The state in March filed a tax lien against Greg Landsman, a Cincinnati councilman and Democratic candidate for a competitive House race, ordering him to pay interest on unpaid taxes he owes through his firm Landsman & Associates. But while Landsman struggles with tax delinquency, he voted over a four-year span on the Cincinnati City Council to raise taxes and fees at least eight times—even as he acknowledged that Ohio families were "struggling" with taxes.
The state taxes are not the only debt Landsman owes the government. His business in 2020 received a $16,647 Paycheck Protection Program loan that has not been paid or forgiven. The firm is owned entirely by Landsman and listed only one employee on its loan application. The loan went entirely to payroll, according to data provided by the Small Business Administration.
Landsman helped pass seven tax and fee increases in June 2018 alone, even though he acknowledged at the time that "the average homeowner is really struggling with their property taxes." The city councilman voted five months earlier to hike property taxes for city residents, citing the city's multimillion-dollar budget shortfalls. Landsman's Republican colleagues warned against the tax hike, which brought in $7 million for the city.
"We can't ask working-class families to keep footing the bill. They can't afford it," Councilman Jeff Pastor (R.) told the Cincinnati Enquirer.

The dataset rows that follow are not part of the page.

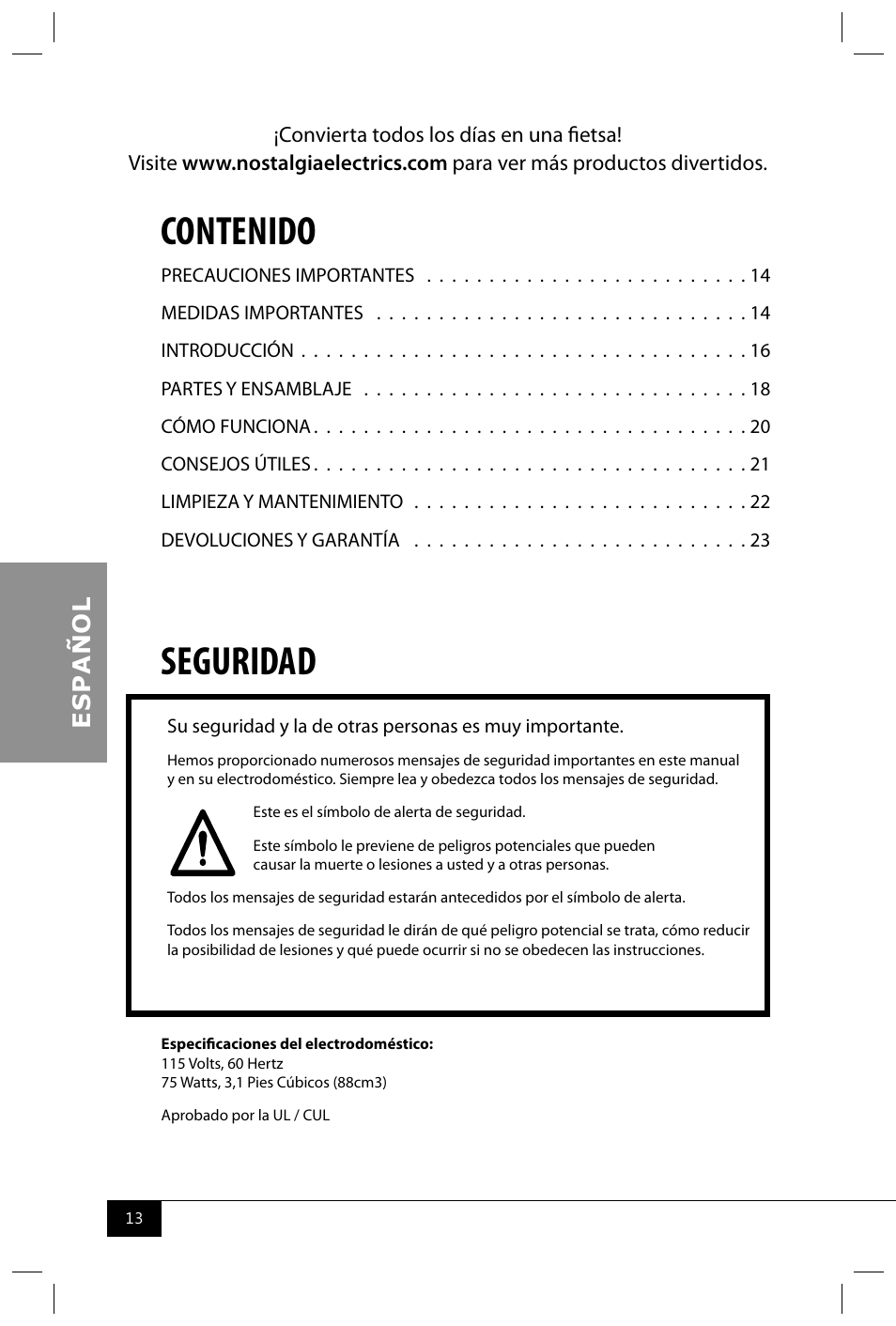 Nostalgia Electrics RRF325 SERIES User Manual | Page 15 / 36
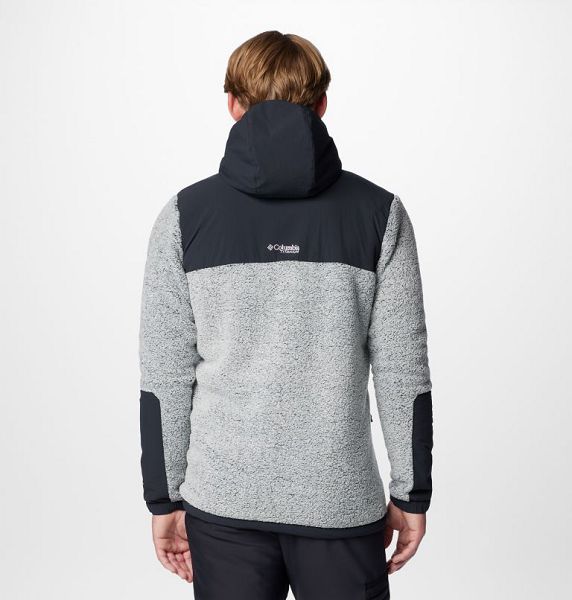 Men Columbia Arctic Crest™ Technical Hooded Fleece Jackets White / Black | US-CWATHR-560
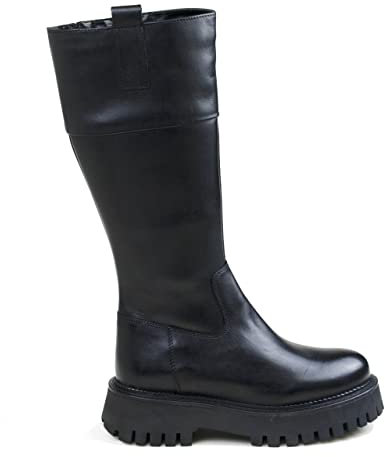 Keys Stivale Alto da Donna Platform in Vera Pelle Nero Gambale 33 cm Art. K5703 (Numeric_39)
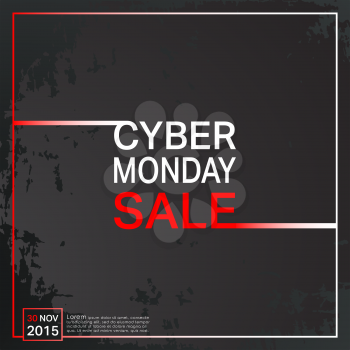 Cyber Monday sale poster. Grunge background. Vector illustration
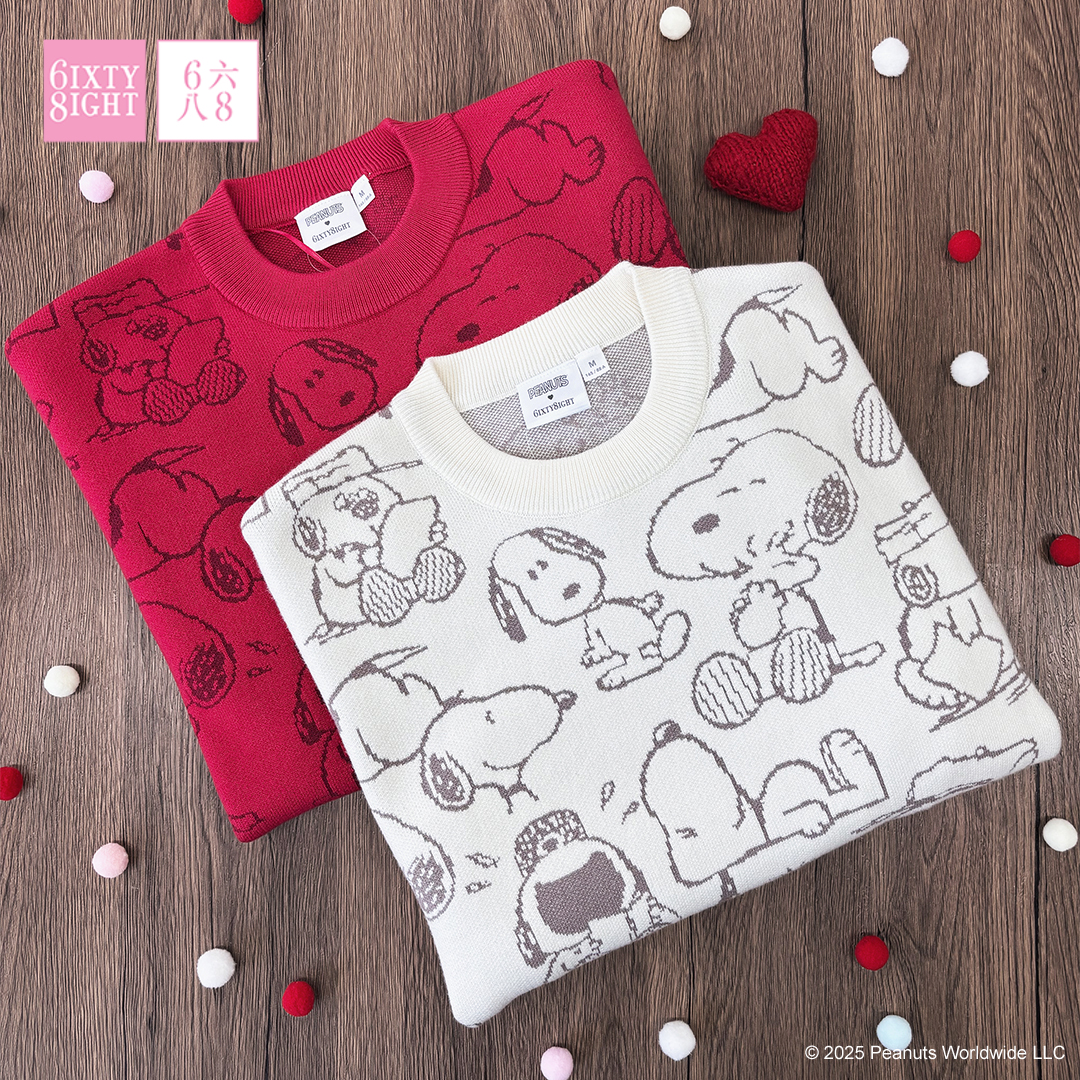 【史努比联名】68女装圆领卡通印花长袖针织衫柔软舒适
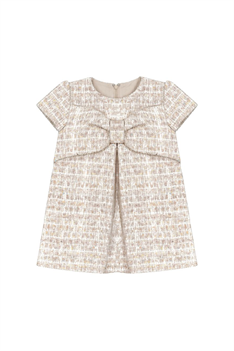 Klänning Tweed Rosett - Offwhite
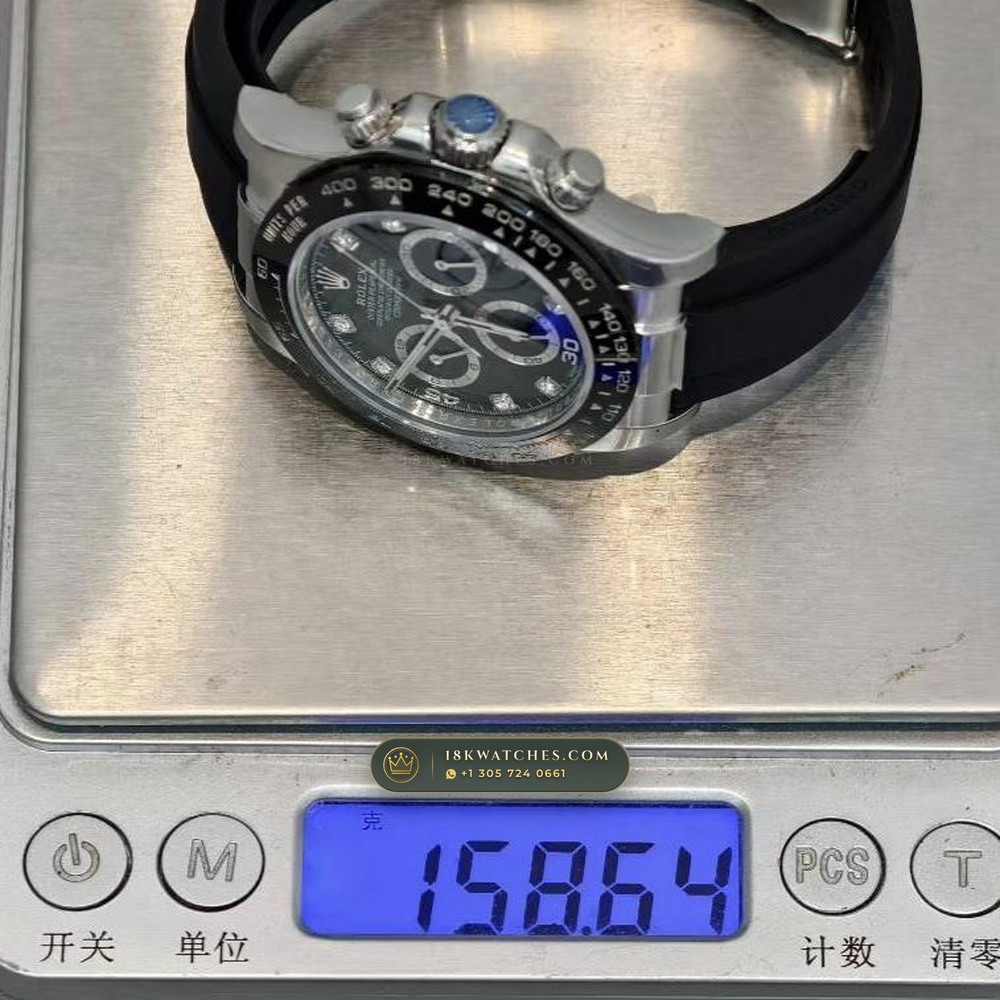 Rolex Cosmograph Daytona 18K White Gold Deep Crystal Optics Ref. 116519LN — Studio Gallery Plate VIII in 18K White Gold Au750 (160.7g Verified Mass, Rolex Manufacture Cal. 4130 - 72h Power Reserve)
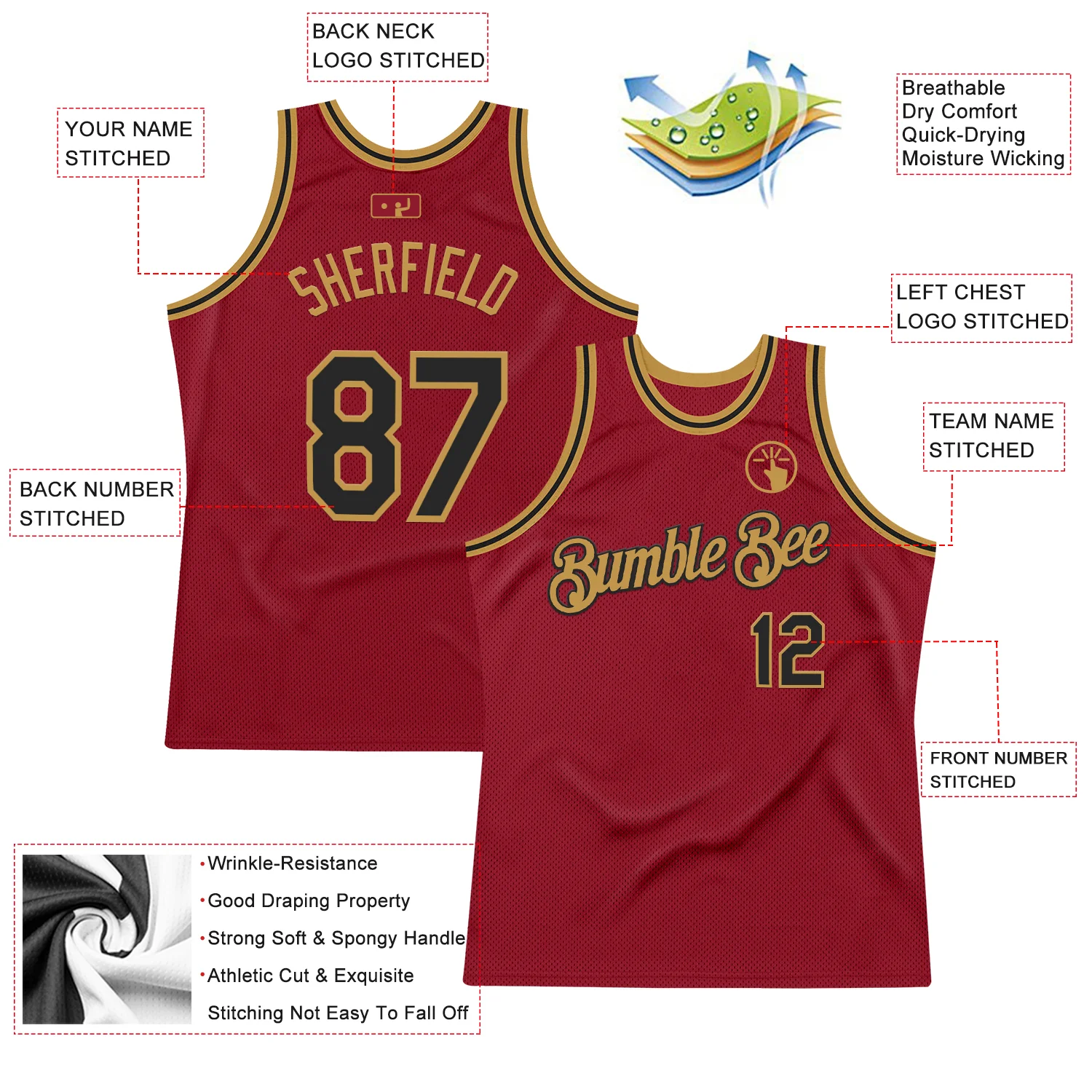Custom Maroon Black-Old Gold Authentic Throwback Basketball Jersey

Dan Lusheck, a spokesman for the Ohio GOP, said Landsman's financial malfeasance would make him a perfect fit with Democrats in Washington, D.C.
"Greg Landsman, who has proven incapable of managing his own finances, would only perpetuate the economic disaster caused by Nancy Pelosi and Joe Biden's inability to govern," Lusheck told the Washington Free Beacon.
As Democrats confront an unfavorable midterm election cycle, Landsman's history of left-wing proposals could be a liability for his campaign to win Ohio's First Congressional District. After national Democrats tapped the city councilman last year to challenge Rep. Steve Chabot (R.), Landsman has faced criticism over his proposals to eliminate cash bail and defund the city's police department budget in the wake of George Floyd's death. The Democrat's proposals came amid a surge of violent crime in the city.
The tax lien against Landsman & Associates is for $656 with an interest rate of 3 percent. Landsman's campaign did not respond to a request for comment.
The Democratic Congressional Campaign Committee listed Ohio's First Congressional District as a top target in the midterms. Landsman, who ran uncontested in the state's May primary election, will face off against Chabot in November.